§ **SUPPLIED DATA**
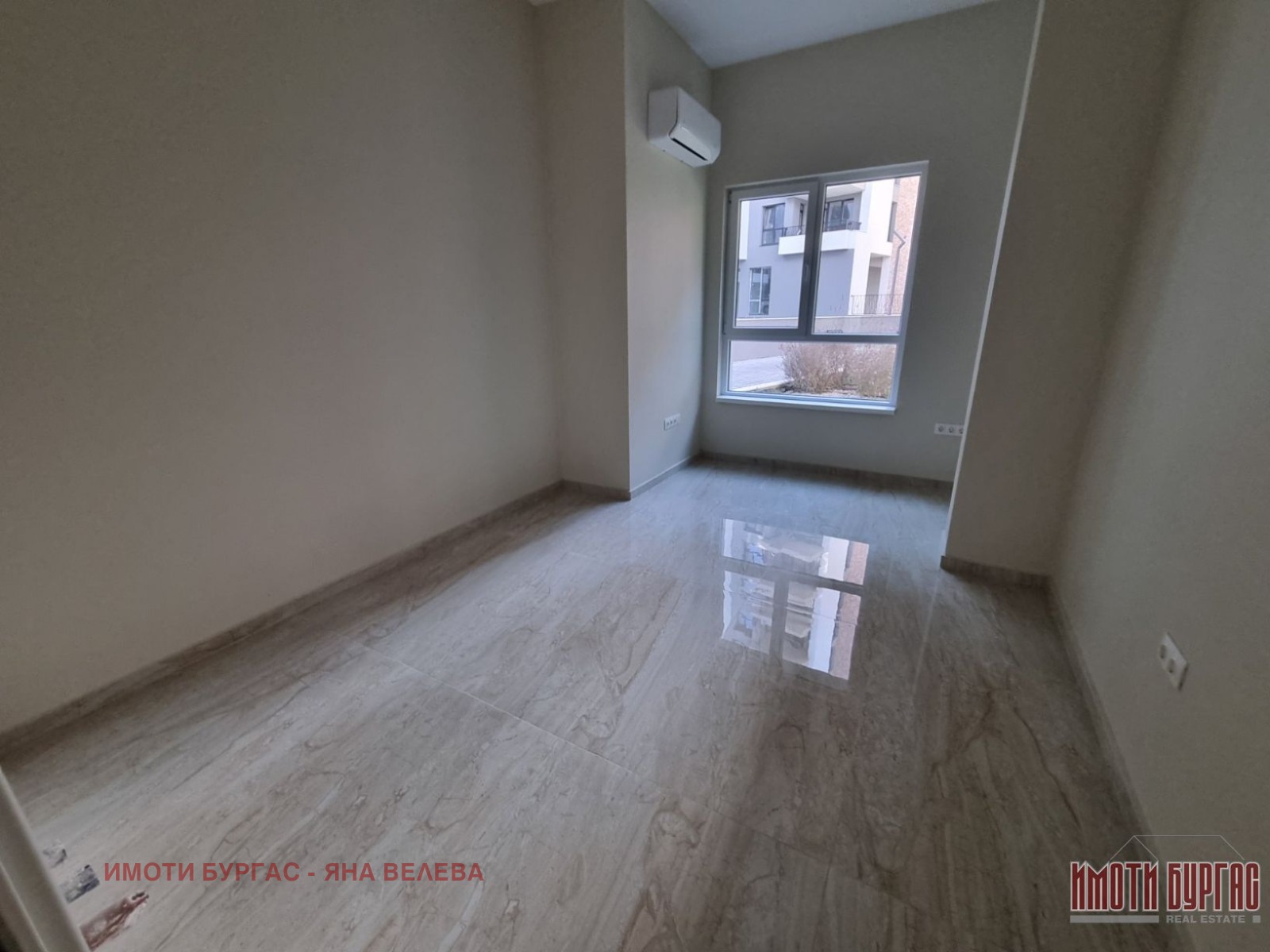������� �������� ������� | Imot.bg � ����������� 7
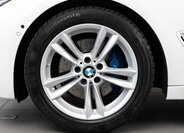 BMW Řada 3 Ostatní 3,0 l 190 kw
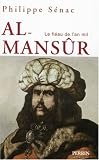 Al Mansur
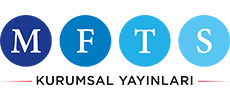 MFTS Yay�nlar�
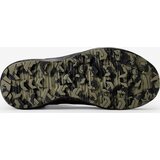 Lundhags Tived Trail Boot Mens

--

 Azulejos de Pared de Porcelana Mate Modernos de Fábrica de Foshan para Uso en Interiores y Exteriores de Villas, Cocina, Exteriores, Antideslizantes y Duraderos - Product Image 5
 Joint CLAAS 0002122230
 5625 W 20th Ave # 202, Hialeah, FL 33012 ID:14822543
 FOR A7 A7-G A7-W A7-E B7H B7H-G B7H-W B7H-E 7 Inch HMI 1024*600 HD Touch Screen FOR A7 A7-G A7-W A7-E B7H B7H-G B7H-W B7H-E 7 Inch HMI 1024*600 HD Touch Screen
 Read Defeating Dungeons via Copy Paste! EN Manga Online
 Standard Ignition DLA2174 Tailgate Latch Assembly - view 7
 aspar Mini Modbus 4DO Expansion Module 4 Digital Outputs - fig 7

§ **WHAT THE TASK ASKS**
Each line above from the one containing "Imot.bg � ����������� 7" through the one containing "Lundhags Tived Trail Boot Mens" is to be returned verbatim. Nothing else, and no pictures.

§ **TASK ANSWER**
������� �������� ������� | Imot.bg � ����������� 7
 BMW Řada 3 Ostatní 3,0 l 190 kw
 Al Mansur
 MFTS Yay�nlar�
 Lundhags Tived Trail Boot Mens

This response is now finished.